Pour la fabrication d’un ventilateur, des pièces d’acier doivent être découpées puis formées à l’aide d’une presse avant d’être assemblées par soudure. Des opérations de redressage des pièces sont nécessaires à différents stades du process afin d’adapter aux dimensions les pièces à souder et celles déjà soudées.

Les opérations de redressage sont effectuées à l’aide d’un marteau pneumatique ou d’une masse dans une cabine de calibrage afin de limiter le nombre de salariés exposés au niveau sonore important (supérieur à 120 dB). Les facteurs de risque sont liés au bruit et aux vibrations générées par les outils mais aussi aux postures et aux efforts. Les pièces d’acier sont de grande dimension ce qui oblige souvent les opérateurs à adopter des postures contraignantes qu’ils doivent maintenir. Les bras sont tendus, au-dessus de la ligne du cœur et les opérateurs travaillent souvent le dos courbé voire plié en deux ou sur les genoux.

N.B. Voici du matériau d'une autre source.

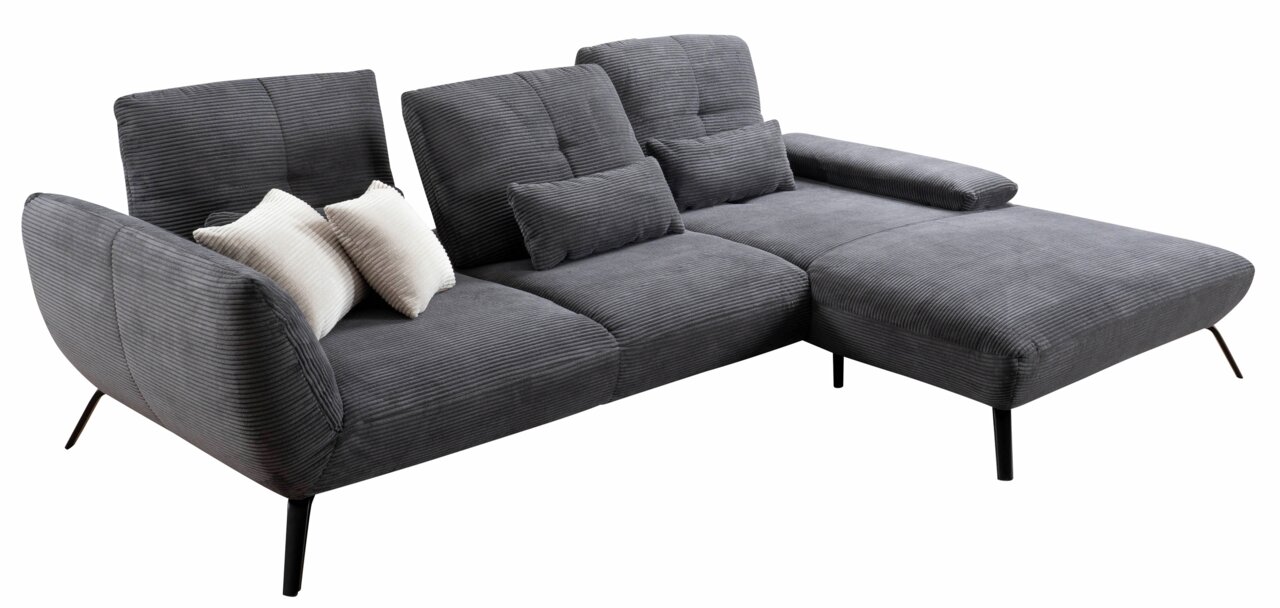 StepOne Ecksofa NEWPORT PLUS Graues Ecksofa mit Rillenstruktur, zwei weißen und zwei grauen Kissen, seitliche Perspektive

Ces facteurs de pénibilité sont d’autant plus importants que la durée d’exposition est longue. Celle-ci varie de façon conséquente, de 15 min à 3h, en fonction de la matière première mais aussi des opérations effectuées sur celle-ci, en particulier le formage et la soudure.

Les caractéristiques de l’acier (épaisseur, planéité, résistance) vont avoir une incidence sur le temps de redressage. Celui-ci va également dépendre de la précision du formage lequel est lié à la qualité de l’acier et à la presse de formage, équipement apparemment ancien qui fonctionne parfois en surcapacité. Il est à noter qu’une partie du formage est sous-traitée. Dans ce cas, la durée de redressage est très courte.

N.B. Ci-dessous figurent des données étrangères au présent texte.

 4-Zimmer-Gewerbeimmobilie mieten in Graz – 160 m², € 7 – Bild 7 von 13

Enfin, la technique de soudure influe sur le temps de redressage car elle provoque des déformations des pièces en particulier lorsque son intensité est importante.

Suite aux problèmes de santé liés à ce poste, le médecin du travail a préconisé de le limiter à 2h par jour et par opérateur. Cependant, dans un souci de suivi et de qualité du travail, les opérateurs souhaitent réaliser le redressage de leurs pièces en entier ce qui les amène à dépasser les recommandations du médecin du travail. D’autre part, lorsque l’entreprise a recours au travail temporaire, ce poste est majoritairement tenu par une seule personne en intérim.

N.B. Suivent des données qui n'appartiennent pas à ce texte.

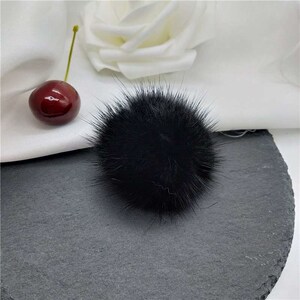 黑色毛球胸针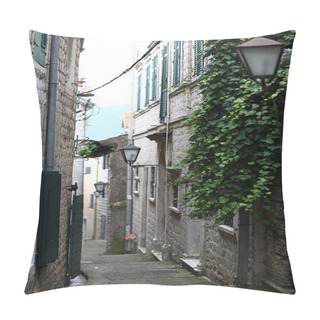 Personality  Narrow Street In Town Pillow Covers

Les soudeurs sont également soumis à des contraintes physiques fortes.
Le risque de TMS ainsi que les émanations de fumées représentent les deux risques majeurs.
Pour améliorer la prévention du risque lié aux fumées de soudure, l’entreprise teste l’utilisation de torches aspirantes. Bien que leur efficacité vis-à-vis du risque chimique soit indiscutable, leur poids et leur condition d’utilisation accroît dans certaines situations le risque de TMS.

Bilan

Compte tenu de la diversité des pièces, des aménagements de poste ne permettront pas de réduire de façon satisfaisante la pénibilité.

L’intervenant a proposé plusieurs pistes d’actions privilégiant la réduction du temps de redressage des pièces en agissant sur l’amont (rendre plus performant le formage et/ou agir sur la qualité de la tôle), en agissant sur l’aval en améliorant les techniques de soudure et en agissant sur le poste.
D’autres pistes ont concernées le développement des savoir-faire en interne pour parfaire les compétences des soudeurs et l’adaptation de l’utilisation des torches aspirantes aux situations de travail afin de ne pas déplacer un risque (chimique) vers un autre risque (TMS).

Engagée dans une démarche d’améliorations des techniques de soudure, l’entreprise a pris en compte les éléments soulignés et les intégrera dans cette démarche. L’entreprise envisage également de réaliser une étude économique pour le changement de la presse de formage.